-- WHAT YOU WILL DO --
Print the complete set of entries exactly.

Items from a dataset:
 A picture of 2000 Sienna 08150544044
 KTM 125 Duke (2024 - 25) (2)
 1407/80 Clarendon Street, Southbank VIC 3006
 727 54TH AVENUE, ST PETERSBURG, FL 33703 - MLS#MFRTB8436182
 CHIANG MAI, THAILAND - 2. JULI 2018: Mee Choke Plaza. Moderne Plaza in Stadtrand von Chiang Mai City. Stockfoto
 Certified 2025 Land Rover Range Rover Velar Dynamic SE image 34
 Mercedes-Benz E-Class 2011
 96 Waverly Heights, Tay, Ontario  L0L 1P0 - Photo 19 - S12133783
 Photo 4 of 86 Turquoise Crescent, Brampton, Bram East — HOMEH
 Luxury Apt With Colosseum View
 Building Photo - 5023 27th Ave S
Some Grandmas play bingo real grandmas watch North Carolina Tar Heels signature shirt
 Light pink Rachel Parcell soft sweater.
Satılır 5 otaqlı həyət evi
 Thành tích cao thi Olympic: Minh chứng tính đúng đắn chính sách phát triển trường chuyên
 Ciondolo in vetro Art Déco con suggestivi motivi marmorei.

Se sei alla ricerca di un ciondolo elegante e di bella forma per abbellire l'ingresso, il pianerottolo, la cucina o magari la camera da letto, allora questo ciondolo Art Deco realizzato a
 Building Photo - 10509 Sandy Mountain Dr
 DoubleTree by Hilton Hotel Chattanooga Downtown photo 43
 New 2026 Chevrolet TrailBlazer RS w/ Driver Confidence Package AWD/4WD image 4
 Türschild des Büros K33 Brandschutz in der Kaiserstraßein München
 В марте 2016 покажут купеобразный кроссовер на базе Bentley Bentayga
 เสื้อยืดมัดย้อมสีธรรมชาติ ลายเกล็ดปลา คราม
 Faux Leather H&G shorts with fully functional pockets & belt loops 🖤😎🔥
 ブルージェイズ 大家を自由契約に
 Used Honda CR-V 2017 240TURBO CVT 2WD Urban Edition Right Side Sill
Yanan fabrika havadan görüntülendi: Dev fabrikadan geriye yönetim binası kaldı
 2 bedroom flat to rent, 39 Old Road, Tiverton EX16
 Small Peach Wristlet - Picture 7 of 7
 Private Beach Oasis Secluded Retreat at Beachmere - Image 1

-- SOLUTION TO THIS TASK --
 A picture of 2000 Sienna 08150544044
 KTM 125 Duke (2024 - 25) (2)
 1407/80 Clarendon Street, Southbank VIC 3006
 727 54TH AVENUE, ST PETERSBURG, FL 33703 - MLS#MFRTB8436182
 CHIANG MAI, THAILAND - 2. JULI 2018: Mee Choke Plaza. Moderne Plaza in Stadtrand von Chiang Mai City. Stockfoto
 Certified 2025 Land Rover Range Rover Velar Dynamic SE image 34
 Mercedes-Benz E-Class 2011
 96 Waverly Heights, Tay, Ontario  L0L 1P0 - Photo 19 - S12133783
 Photo 4 of 86 Turquoise Crescent, Brampton, Bram East — HOMEH
 Luxury Apt With Colosseum View
 Building Photo - 5023 27th Ave S
Some Grandmas play bingo real grandmas watch North Carolina Tar Heels signature shirt
 Light pink Rachel Parcell soft sweater.
Satılır 5 otaqlı həyət evi
 Thành tích cao thi Olympic: Minh chứng tính đúng đắn chính sách phát triển trường chuyên
 Ciondolo in vetro Art Déco con suggestivi motivi marmorei.

Se sei alla ricerca di un ciondolo elegante e di bella forma per abbellire l'ingresso, il pianerottolo, la cucina o magari la camera da letto, allora questo ciondolo Art Deco realizzato a
 Building Photo - 10509 Sandy Mountain Dr
 DoubleTree by Hilton Hotel Chattanooga Downtown photo 43
 New 2026 Chevrolet TrailBlazer RS w/ Driver Confidence Package AWD/4WD image 4
 Türschild des Büros K33 Brandschutz in der Kaiserstraßein München
 В марте 2016 покажут купеобразный кроссовер на базе Bentley Bentayga
 เสื้อยืดมัดย้อมสีธรรมชาติ ลายเกล็ดปลา คราม
 Faux Leather H&G shorts with fully functional pockets & belt loops 🖤😎🔥
 ブルージェイズ 大家を自由契約に
 Used Honda CR-V 2017 240TURBO CVT 2WD Urban Edition Right Side Sill
Yanan fabrika havadan görüntülendi: Dev fabrikadan geriye yönetim binası kaldı
 2 bedroom flat to rent, 39 Old Road, Tiverton EX16
 Small Peach Wristlet - Picture 7 of 7
 Private Beach Oasis Secluded Retreat at Beachmere - Image 1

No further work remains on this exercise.